Slowly and wearily she entered the waiting canoe and resumed her seat. The Indian paddlers took their places. They told her that the chief Snoqualmie had bidden them take her on without him. He would follow in the other canoe. It was a relief to be free from his presence, if only for a little while; and the sadness on her face lightened for a moment when they told her.
A few quick paddle-strokes, and the boat shot out into the current above the cascades and then glided forward. No, not forward. The canoe-men, unfamiliar with the new cataract, had launched their vessel too close to the falls; and the mighty current was drawing it back. A cry of horror burst from their lips as they realized their danger, and their paddles were dashed into the water with frenzied violence. The canoe hung quivering through all its slender length between the desperate strokes that impelled it forward and the tremendous suction that drew it down. Had they been closer to the bank, they might have saved themselves; but they were too far out in the current. They felt the canoe slipping back in spite of their frantic efforts, slowly at first, then more swiftly; and they knew there was no hope.

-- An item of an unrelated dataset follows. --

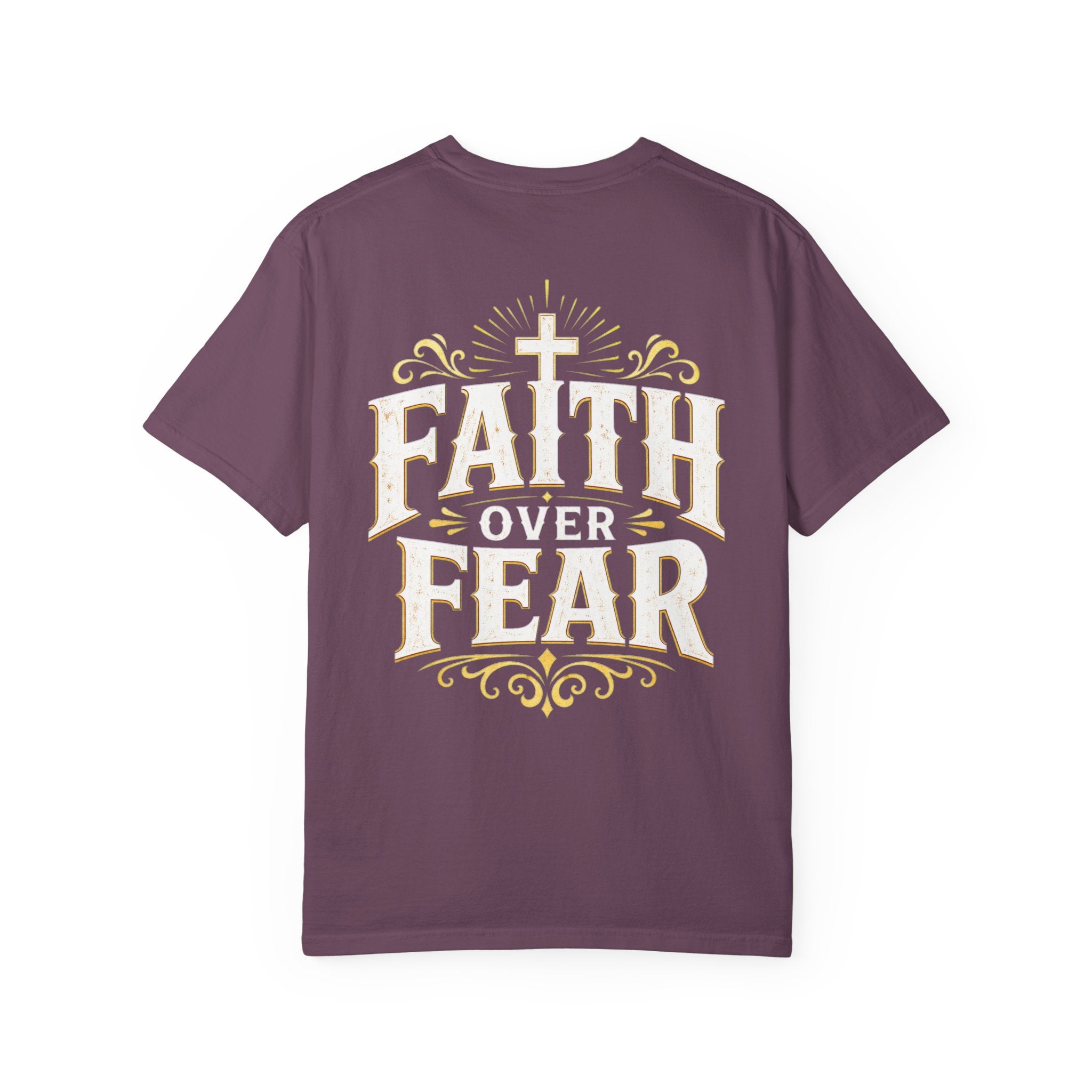 Faith Over Fear T-Shirt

The paddles fell from their hands. One boatman leaped from the canoe with the desperate idea of swimming ashore, but the current instantly swept him under and out of sight; the other sat motionless in his place, awaiting the end with Indian stolidity.
The canoe was swept like a leaf to the verge of the fall and downward into a gulf of mist and spray. As it trembled on the edge of the cataract, and its horrors opened beneath her, Wallulah realized her doom for the first time; and in the moment she realised it, it was upon her. There was a quick terror, a dreamlike glimpse of white plunging waters, a deafening roar, a sudden terrible shock as the canoe was splintered on the rocks at the foot of the fall; then all things were swallowed up in blackness, a blackness that was death.
Below the falls, strong swimmers, leaping into the water, brought the dead to land. Beneath a pine-tree that grew close by the great Columbia trail and not far from the falls, the bodies were laid. The daughter of Multnomah lay in rude state upon a fawn-skin; while at her feet were extended the brawny forms of the two canoe-men who had died with her, and who, according to Indian mythology, were to be her slaves in the Land of the Hereafter. Her face was very lovely, but its mournfulness remained. Her flute, broken in the shock that had killed her, was still attached to her belt. The Indians had placed her hand at her side, resting upon the flute; and they noticed in superstitious wonder that the cold fingers seemed to half close around it, as if they would clasp it lovingly, even in death. Indian women knelt beside her, fanning her face with fragrant 259 boughs of pine. Troop after troop, returning over the trail to their homes, stopped to hear the tale, and to gaze at the dead face that was so wonderfully beautiful yet so sad.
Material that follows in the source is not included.